Department of Pharmacology and Toxicology, University of Utah, 201 Presidents Circle, Salt Lake City, UT 84112, USA.
Genomics. 2012 Dec;100(6):337-44. doi: 10.1016/j.ygeno.2012.08.003. Epub 2012 Aug 19.
Gene-expression microarrays allow researchers to characterize biological phenomena in a high-throughput fashion but are subject to technological biases and inevitable variabilities that arise during sample collection and processing. Normalization techniques aim to correct such biases. Most existing methods require multiple samples to be processed in aggregate; consequently, each sample's output is influenced by other samples processed jointly. However, in personalized-medicine workflows, samples may arrive serially, so renormalizing all samples upon each new arrival would be impractical. We have developed Single Channel Array Normalization (SCAN), a single-sample technique that models the effects of probe-nucleotide composition on fluorescence intensity and corrects for such effects, dramatically increasing the signal-to-noise ratio within individual samples while decreasing variation across samples. In various benchmark comparisons, we show that SCAN performs as well as or better than competing methods yet has no dependence on external reference samples and can be applied to any single-channel microarray platform.

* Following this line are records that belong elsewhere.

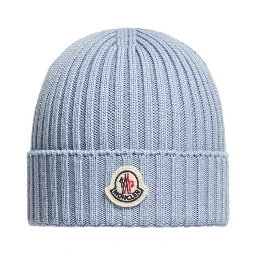 BEANIE WITH LOGO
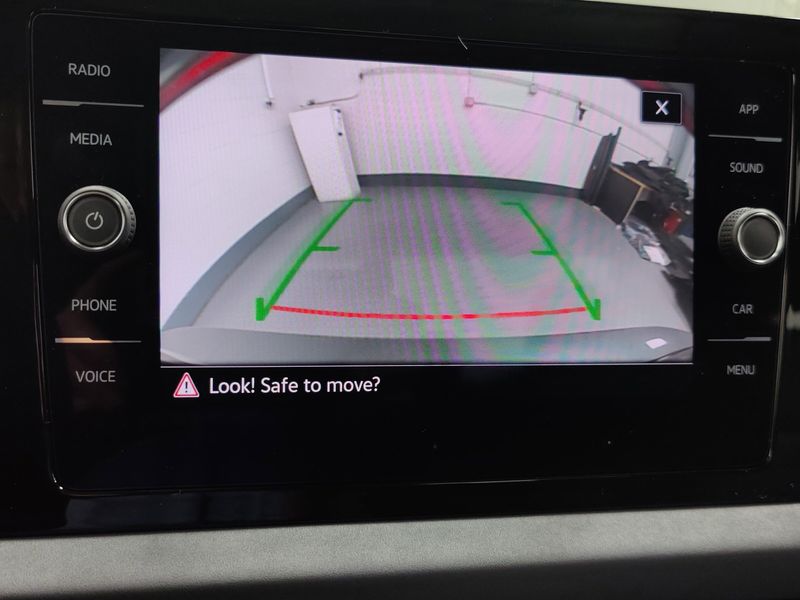 Used 2025 Volkswagen Jetta SE w/SunroofImage 18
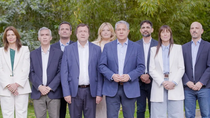 Los gobernadores de Neuquén y Río Negro y los candidatos de los espacios políticos para estas elecciones 2025 Los gobernadores de Neuquén y Río Negro y los candidatos de los espacios políticos para estas elecciones 2025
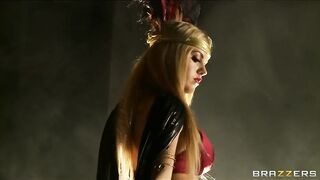 A méretes mellű Jessie Rogers megrakva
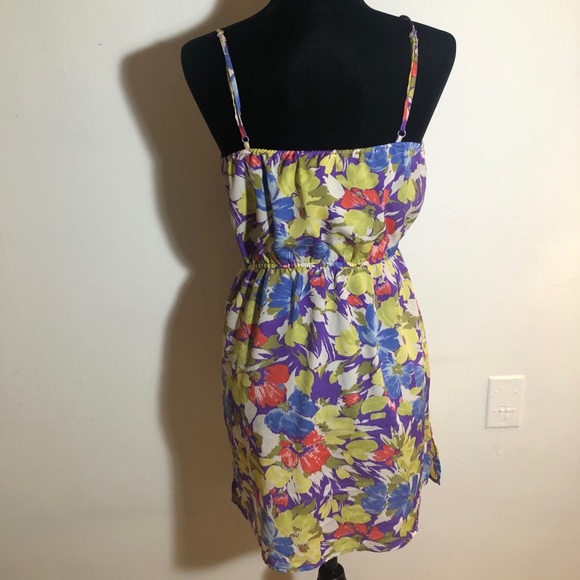 Floral dress with bow top - Picture 3 of 3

基因表达微阵列使研究人员能够以高通量的方式描述生物现象,但它们受到技术偏差和样本收集和处理过程中不可避免的变异的影响。归一化技术旨在纠正这些偏差。大多数现有方法需要将多个样本集中处理;因此,每个样本的输出都会受到其他共同处理的样本的影响。然而,在个性化医疗工作流程中,样本可能会陆续到达,因此对每个新到达的样本重新进行归一化是不切实际的。我们开发了单通道阵列归一化(SCAN),这是一种单样本技术,它对探针核苷酸组成对荧光强度的影响进行建模,并对其进行校正,从而显著提高单个样本内的信号噪声比,同时降低样本之间的变异。在各种基准比较中,我们表明 SCAN 的性能与竞争方法一样好或更好,但不依赖于外部参考样本,并且可以应用于任何单通道微阵列平台。